Finalmente, mis últimos conductores fueron Geo, la amante del café jovencita y con un perro encantador que no se me despegó de la falda en todo el trayecto y el amable argentino que me llevó hasta el centro de Queenstown.
Como véis, gente muy muy distinta. De todas las edades, colores, condiciones sociales. Un oficio muy heterogéneo, el de recoger a mochileros por la calle. Muchos de ellos, gente que se aburría y quería un compañero de viaje. En su mayoría hombres, eso sí. Y que viajaban solos.
Jamás voy a olvidar las sensaciones que viví en estos viajes. Los nervios por encontrar pasaje, los momentos tirado en medio de la nada, la ilusión que te hace cuando se para un coche, y lo contento que sales del vehículo cuando ves que estos treinta minutos u hora de trayecto te han aportado algo. Sin duda, la mejor forma de conocer a gente local, qué piensan y qué sienten sobre su país. Porque sí, la mayoría de gente que te recoge es del país.
Se ve que entre la mayoría de europeos que viajan por las antípodas, especialmente los que van con caravanas de esas grandes y blancas, ayudar a sus compatriotas viajeros no se lleva. Y esta es una apreciación compartida con muchos otros autostopistas.

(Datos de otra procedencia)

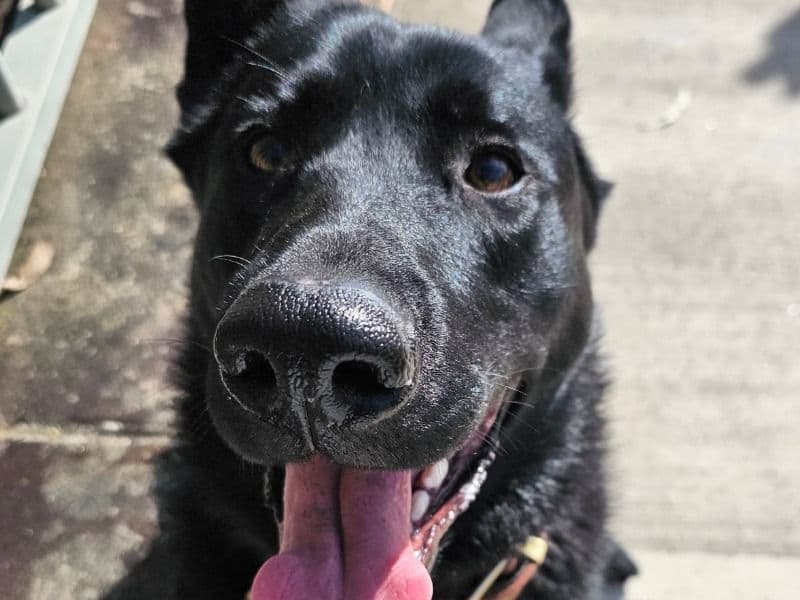 Black German Shepherd 2 years 6 months old female large named Winter for breeding in West Pennant Hills, New South Wales | Petmeetly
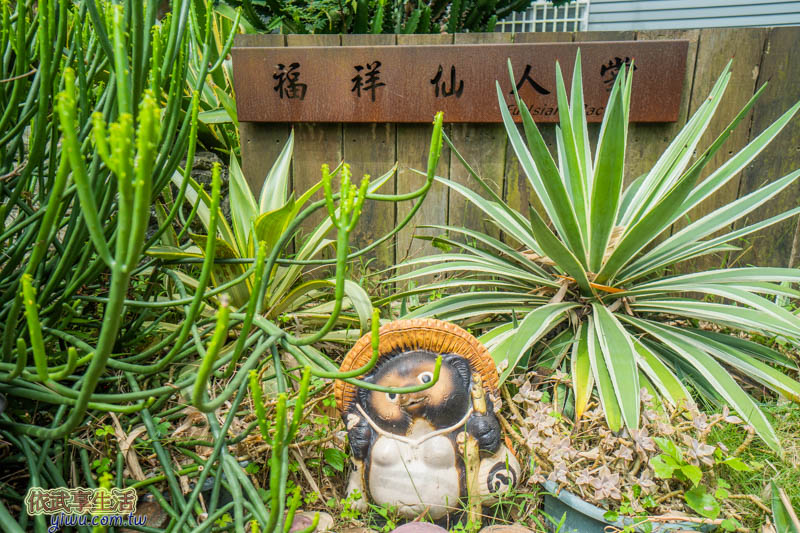 福祥仙人掌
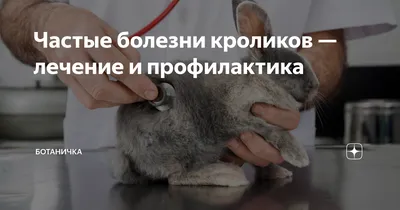 Симптомы и лечение болезней кроликов | Знай ферму | Дзен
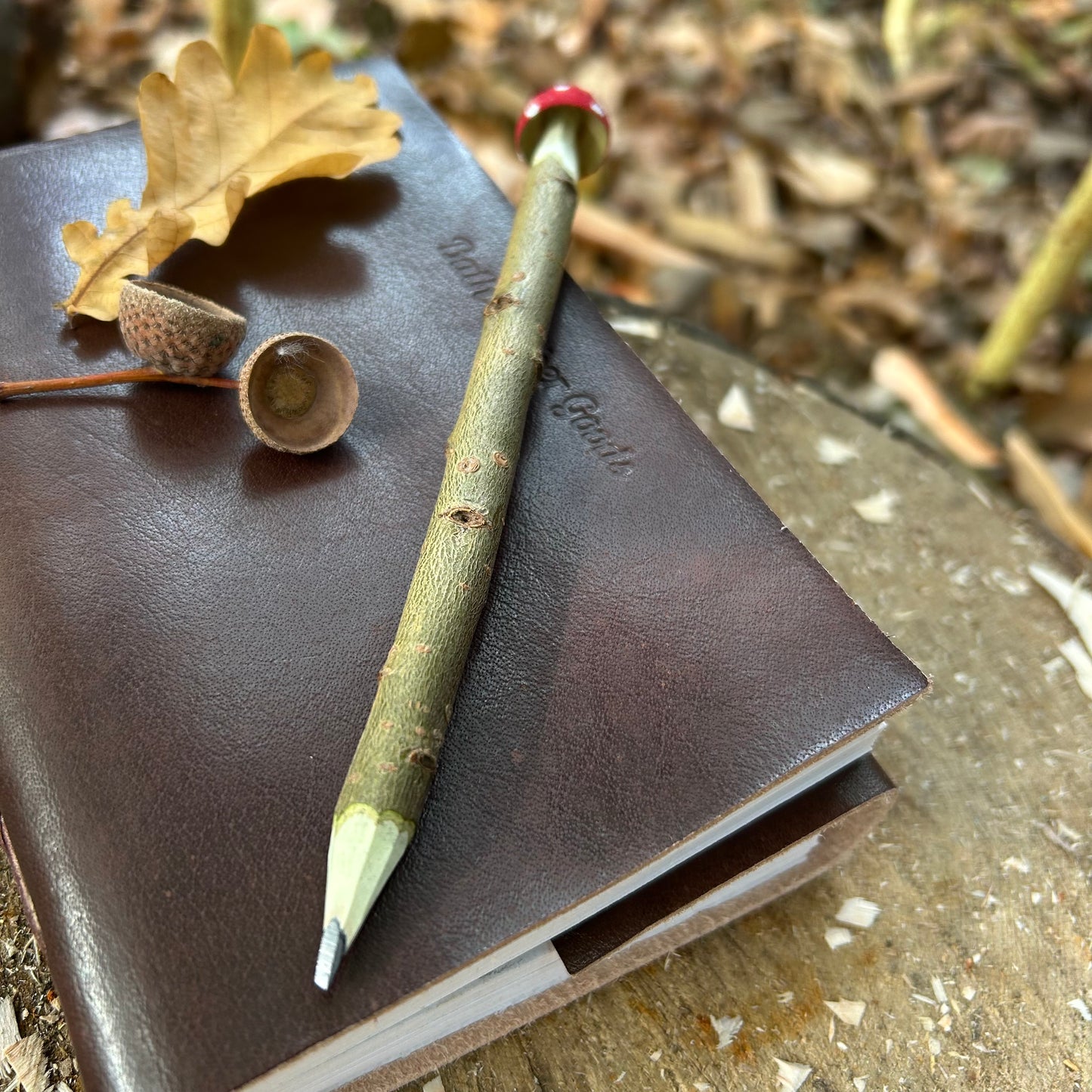 Magic Toadstool Pencils
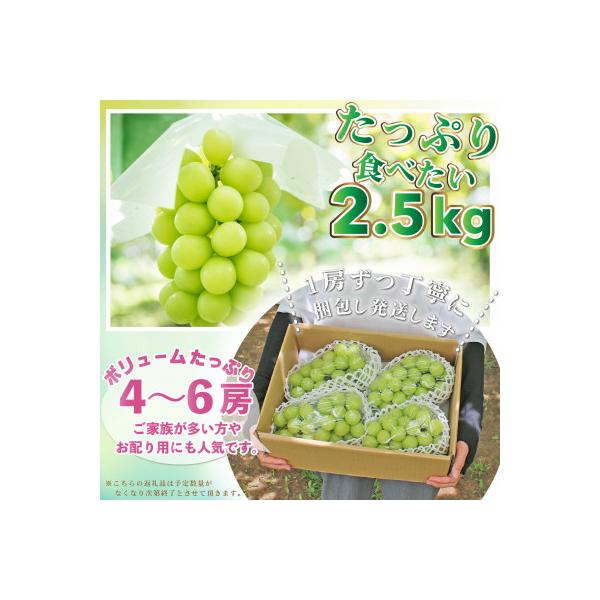 【2027年 発送】山梨県 笛吹市 シャインマスカット 2.5kg以上(4～6房) 山梨の人気果物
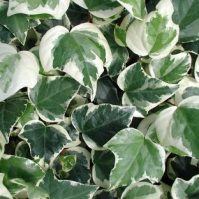 Best Plants for Groundcover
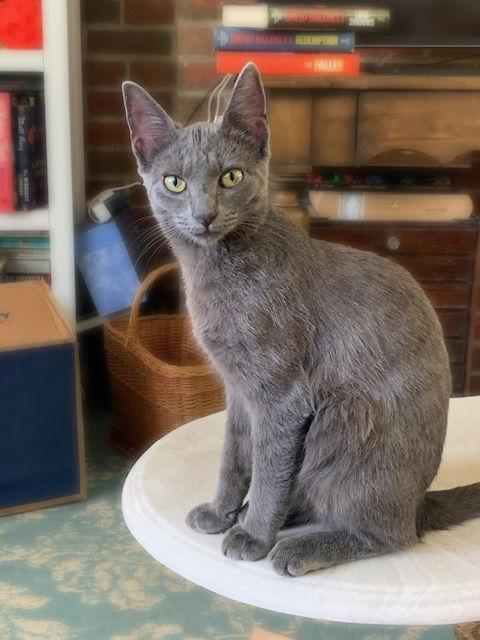 Enlarge *Olive, a Adoptable Domestic Short Hair in Forest, VA image 2/3
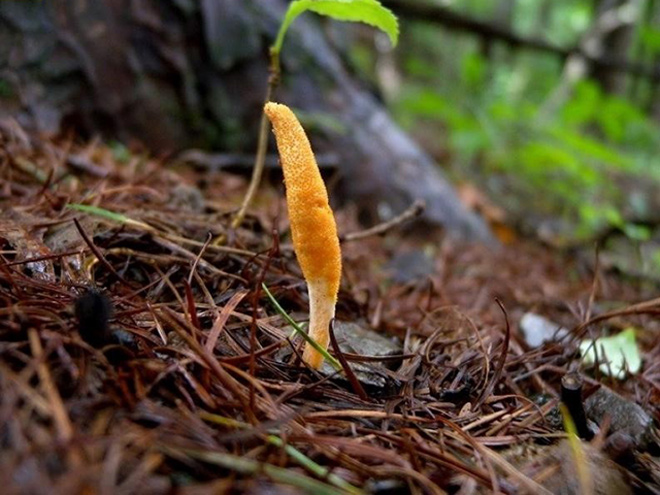 Công dụng bồi bổ sức khỏe của đông trùng hạ thảo với người cao tuổi - 1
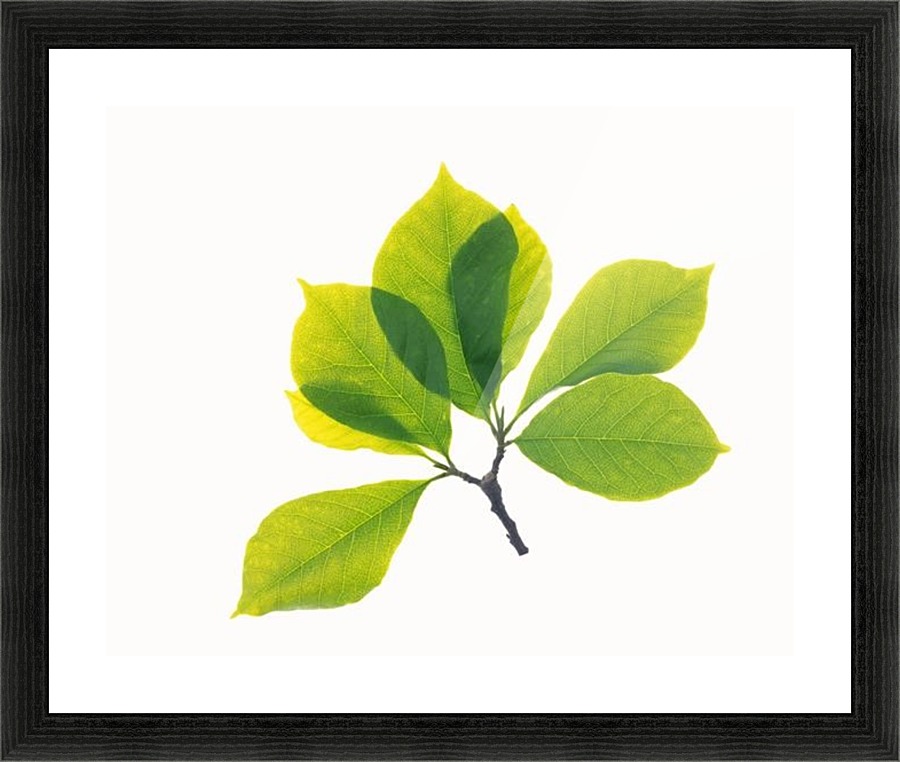 landscape_2_0698 Picture Frame print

Por extraño que pueda parecer, tras la introducción oficial (qué hago,qué haces, nombre y poco más), generalmente las charlas iban por senderos sorprendentes. Hablé de muchos temas que jamás pensé que serían tema de conversación haciendo autostop: desde la crisis bancaria a la falta de liderazgo, el colonialismo, la religión… o si es más rentable criar ovejas, vacas lecheras o terneras.
¡Muchas gracias a todos ellos por hacerme aprender de la mejor forma! Hablando y escuchando.
Por toda su amabilidad va este post. Sin ellos mi viaje, que ha ido muchísimo más allá de recorrer ciudades y quilómetros, hubiera sido imposible.